Horizontal Scaling

Horizontal Scaling

One of the most powerful features is its ability to scale horizontally with zero configuration. Because Siphon uses a worker-based architecture, you can handle higher call volumes simply by running more copies of your agent code.

How it works

When you run agent.start(), your script acts as a Worker. It connects to the Siphon/LiveKit infrastructure and waits for jobs (calls).

  • One Worker: Can handle N concurrent calls (depending on CPU/Memory).
  • Multiple Workers: Multiply your capacity by simply starting the same script on another machine.

All workers join a shared pool. When a new call comes in, it is automatically routed to an available worker with capacity.

Scaling Out

To scale out, you do not need to change any code.
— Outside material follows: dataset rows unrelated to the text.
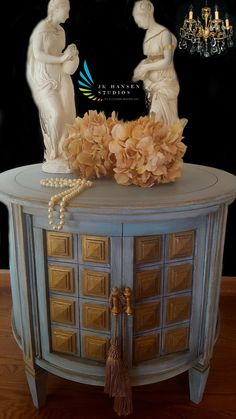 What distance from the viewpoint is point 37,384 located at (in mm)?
1363

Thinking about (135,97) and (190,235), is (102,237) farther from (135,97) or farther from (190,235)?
(135,97)

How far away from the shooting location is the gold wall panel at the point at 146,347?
1204 millimetres

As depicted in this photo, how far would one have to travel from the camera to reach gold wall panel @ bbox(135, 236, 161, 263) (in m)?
1.11

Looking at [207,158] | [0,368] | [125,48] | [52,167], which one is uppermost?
[125,48]

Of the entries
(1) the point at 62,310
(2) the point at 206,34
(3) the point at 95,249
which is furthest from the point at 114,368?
(2) the point at 206,34

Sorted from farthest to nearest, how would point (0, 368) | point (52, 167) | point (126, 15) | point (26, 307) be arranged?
point (126, 15) < point (0, 368) < point (52, 167) < point (26, 307)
  1. Server A: Run python agent.py
  2. Server B: Run python agent.py
  3. Server C: Run python agent.py

That's it. You now have 3x the capacity. It handles the load balancing and distribution of calls across these servers automatically.

Deployment Best Practices

For production environments, we recommend:

  • Containerize your Agent: Wrap your agent.py in a Docker container.
  • Orchestration: Use Kubernetes or Docker Swarm to manage the number of replicas.
  • Auto-scaling: Configure your orchestrator to scale the number of pods based on CPU usage or custom metrics (e.g., active calls).
# Example K8s deployment snippet
apiVersion: apps/v1
kind: Deployment
metadata:
  name: siphon-worker
spec:
  replicas: 3 # Start with 3 workers
  template:
    spec:
      containers:
      - name: agent
        image: my-agent-image:latest
        envFrom:
        - secretRef:
            name: siphon-secrets